Dialysis Care's Tangled Web

Thank you to PrawfsBlawg for the opportunity to guest blog this month. 

Christmas Day was the perfect day for the New York Times to publish its article on interesting goings on at The American Kidney Fund, one of the largest charities in the United States. Why? Well, Christmas Day is usually a slow news day and even trying to understand how dialysis care is funded for Americans is a slow read. It may be that all health insurance topics that span government-funded insurance as well as commercial insurance in the U.S. are a slow read. This is because our health insurance systems are complex but also because our health insurance systems are under-discussed.

Here, I am aiming for the fast read on the issues underlying  reports of recently issued subpoenas from the Justice Department to our two largest dialysis chains, Fresenius and DaVita. 

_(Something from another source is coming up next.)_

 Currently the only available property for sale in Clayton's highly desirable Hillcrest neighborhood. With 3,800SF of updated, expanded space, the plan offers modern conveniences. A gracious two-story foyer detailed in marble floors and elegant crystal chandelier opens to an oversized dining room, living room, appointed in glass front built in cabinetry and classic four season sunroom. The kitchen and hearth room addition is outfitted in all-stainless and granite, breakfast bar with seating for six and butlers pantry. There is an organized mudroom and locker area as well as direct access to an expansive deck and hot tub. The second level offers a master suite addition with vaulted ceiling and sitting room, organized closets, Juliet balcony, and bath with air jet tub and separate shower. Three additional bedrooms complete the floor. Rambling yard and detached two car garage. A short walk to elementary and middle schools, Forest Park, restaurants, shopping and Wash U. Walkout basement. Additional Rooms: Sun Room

Renal failure patients have been  a special disease group under Medicare since 1972, when Congress extended Medicare coverage  to people of any age with kidney failure. The "kidney entitlement" (as it is sometimes known)  is distinctive in this regard. The story of the movement of dialysis from experimental to medical treatment, the rise of the dialysis industry,  and the sympathetic face of end stage renal failure patients all played a role in the dance of this legislation.  Indeed, a dialysis machine was reportedly brought to a Congressional hearing, though the account that a patient was actually dialyzed before members of Congress may be the stuff of urban legend. The early 1970's was also a time of  hope for comprehensive national health care reform, with the kidney entitlement seen by some as a stop-gap measure, not as an exercise in exceptionalism.   For all these reasons -- and more -- we saw the development of the extension of Medicare  coverage for dialysis to a disease group that included many who would formerly have been outside of the Medicare tent.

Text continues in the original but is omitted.